# Training in Spartanburg S. C.



## Jerry Lyda (Apr 4, 2006)

I was told that the Spartanburg ASR Club is changing their training day from Sunday nights to Saturday nights. That being true we at the CSRA-ASR Club, in Georgia, will be traveling to Spartanburg for Saturday night training on the 22nd of July.


----------



## Kristen Cabe (Mar 27, 2006)

As of last weekend, they were talking about changing training from Sunday to Saturday, beginning next weekend. That'll be really nice for those of us who have to get up and go to work Monday morning (esp those of us who have at least an hour-long drive home afterwards!). I know I am looking forward to it, and Stacia said that if it was on Saturdays, then she might be able to start coming at least once a month or so. 

Oh, and I got a new camera, so I'm hoping to be able to get some better pictures and videos (with sound!).


----------



## Stacia Porter (Apr 8, 2006)

Jerry Lyda said:


> I was told that the Spartanburg ASR Club is changing their training day from Sunday nights to Saturday nights.

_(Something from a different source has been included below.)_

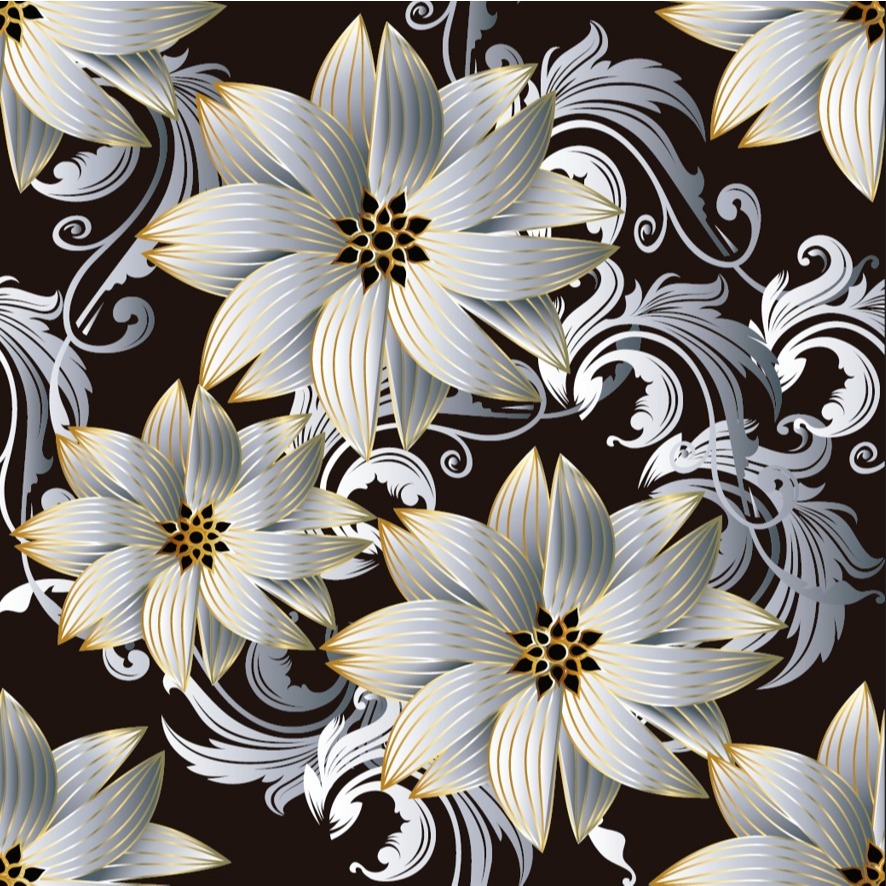 Tecido Tule Estampado Floral 3D 3 em Oferta na Shopee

That being true we at the CSRA-ASR Club, in Georgia, will be traveling to Spartanburg for Saturday night training on the 22nd of July.


Yaaaaay I finally might be able to make this work lol! Achilles will be eternally grateful to you all :lol: . His jute fell off its shelf last night and it took me forever to calm him down...he was ready to go.

Now I'm assuming that the site for the Spartanburg club is Greer, right? Gotta map this out...


----------



## Kristen Cabe (Mar 27, 2006)

Stacia, I'll PM you the exact address.


----------